WORK ITEM: Take the line with "Gold gemstone earrings" and every line after it, through the end of the listing, and give them again exactly, pictures excluded.
Top of THE DATA
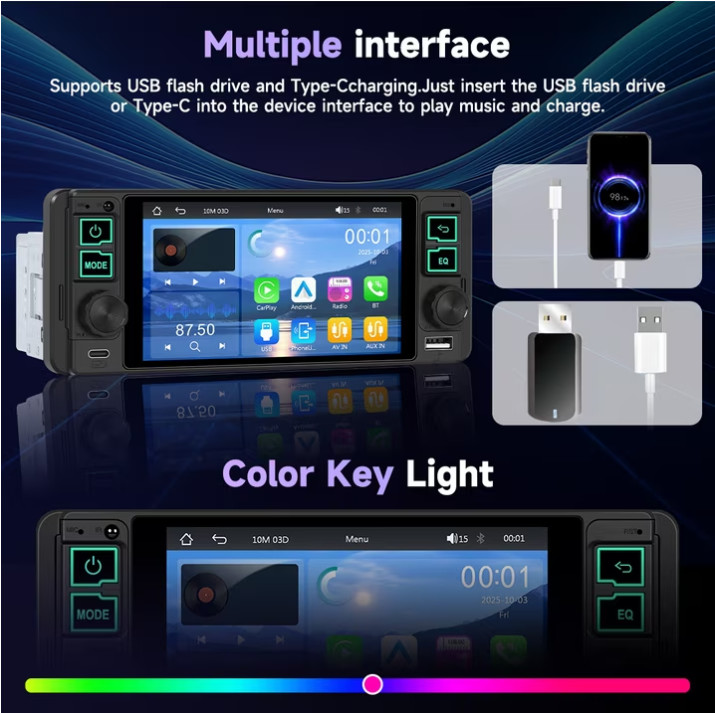 Estereo De Pantalla con Bluetooth Para Coche Carro Auto MP3 Player RM/RMVB/AVI/M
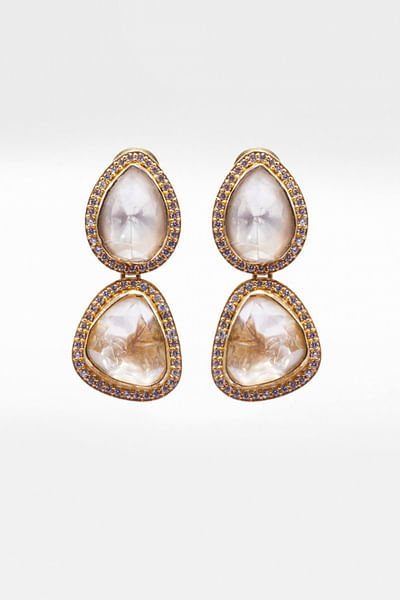 Gold gemstone earrings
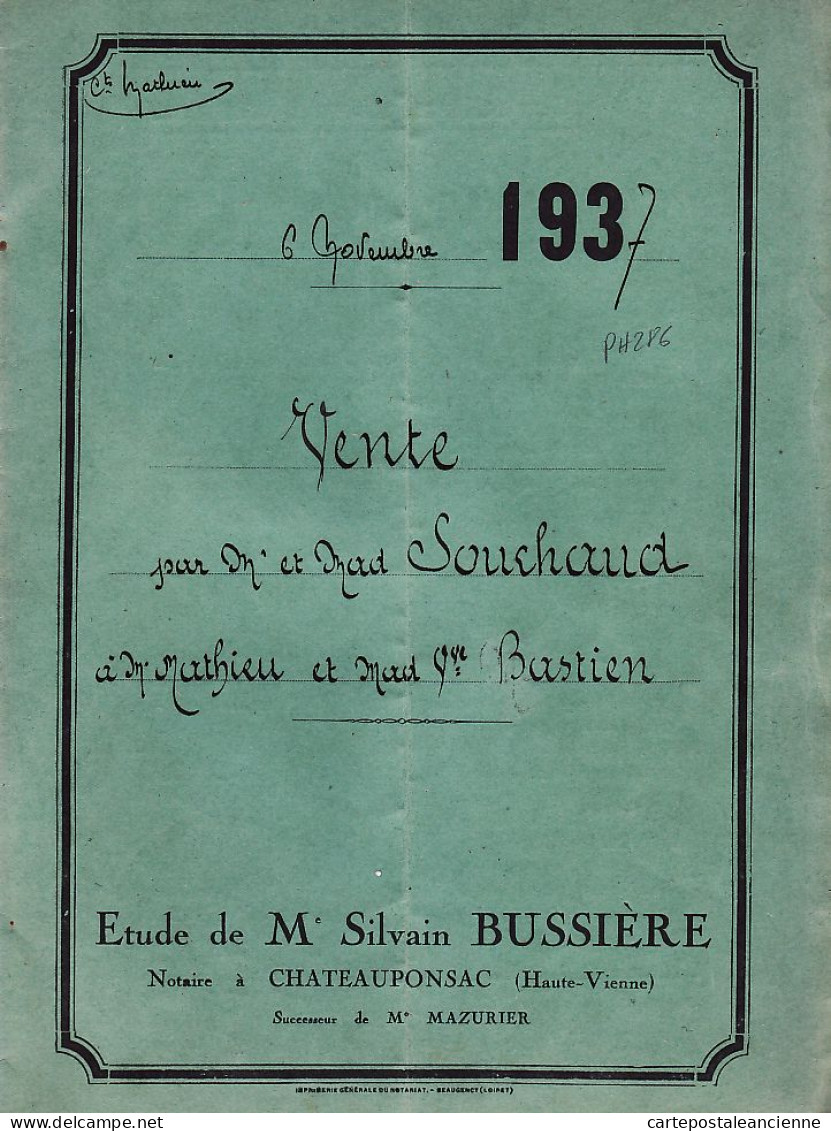 07976 / ⭐ ♥️ MONTMAUD-CHATEAUPONSAC Acte Notaire BUSSIERE Vente SOUCHAUD-MATHIEU BASTIEN Lot Communal Lieudit LES COTES - 1900 – 1949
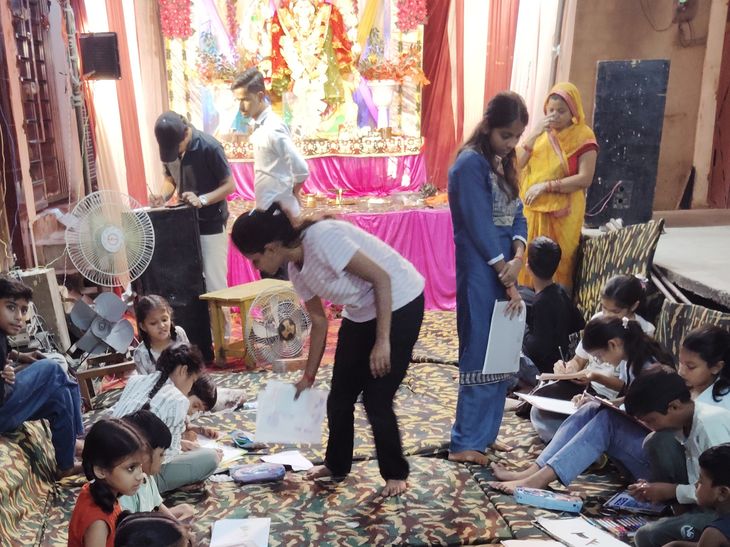Navratri Drawing Competition in Gola | Kids Showcase Talent & Creativity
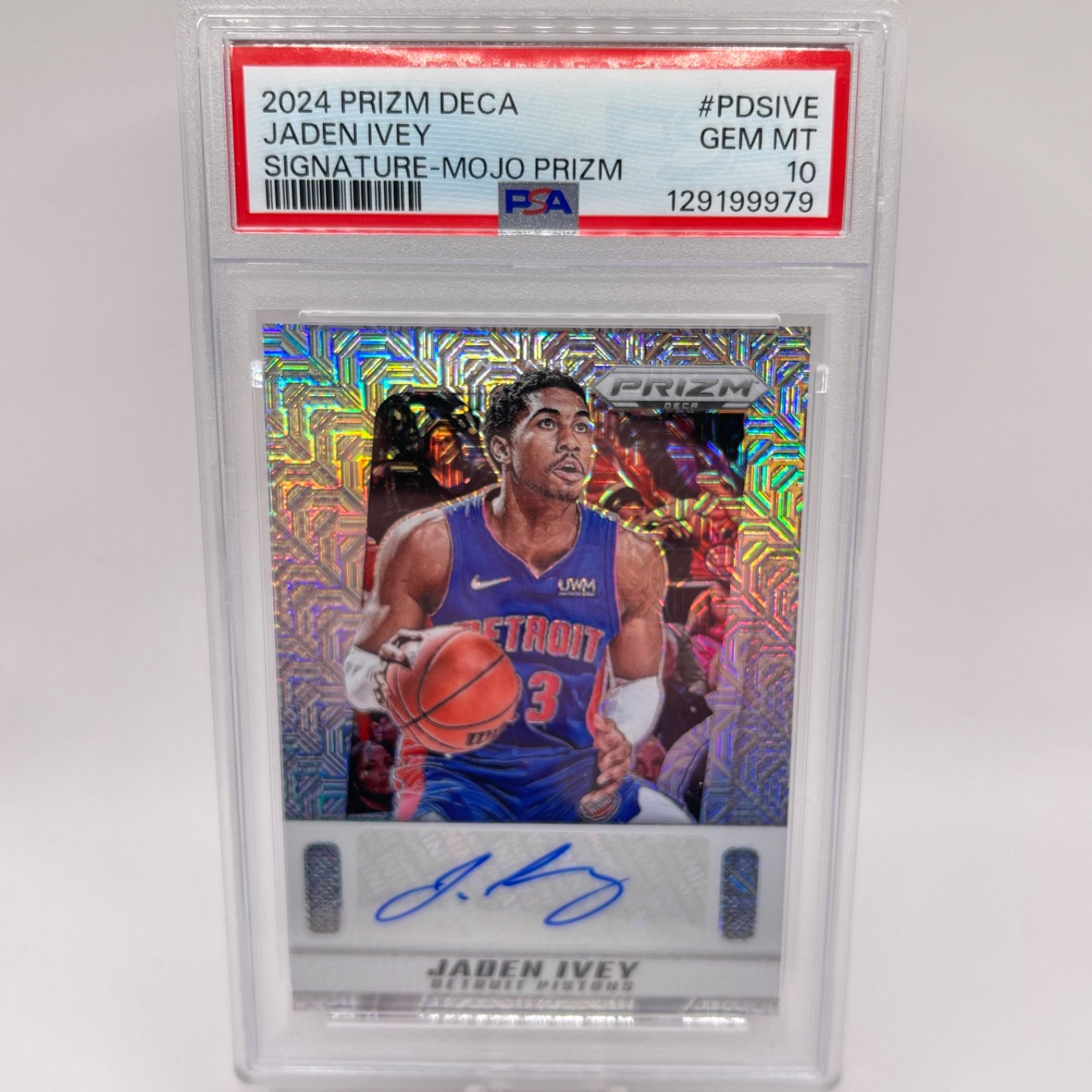 2024 PANINI DECA JADEN IVEY MOJO PRIZM #βD /25 AUTOGRAPH PSA 10 π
Bottom of THE DATA
OUTPUT OF THE TASK:
 Gold gemstone earrings
 07976 / ⭐ ♥️ MONTMAUD-CHATEAUPONSAC Acte Notaire BUSSIERE Vente SOUCHAUD-MATHIEU BASTIEN Lot Communal Lieudit LES COTES - 1900 – 1949
Navratri Drawing Competition in Gola | Kids Showcase Talent & Creativity
 2024 PANINI DECA JADEN IVEY MOJO PRIZM #βD /25 AUTOGRAPH PSA 10 π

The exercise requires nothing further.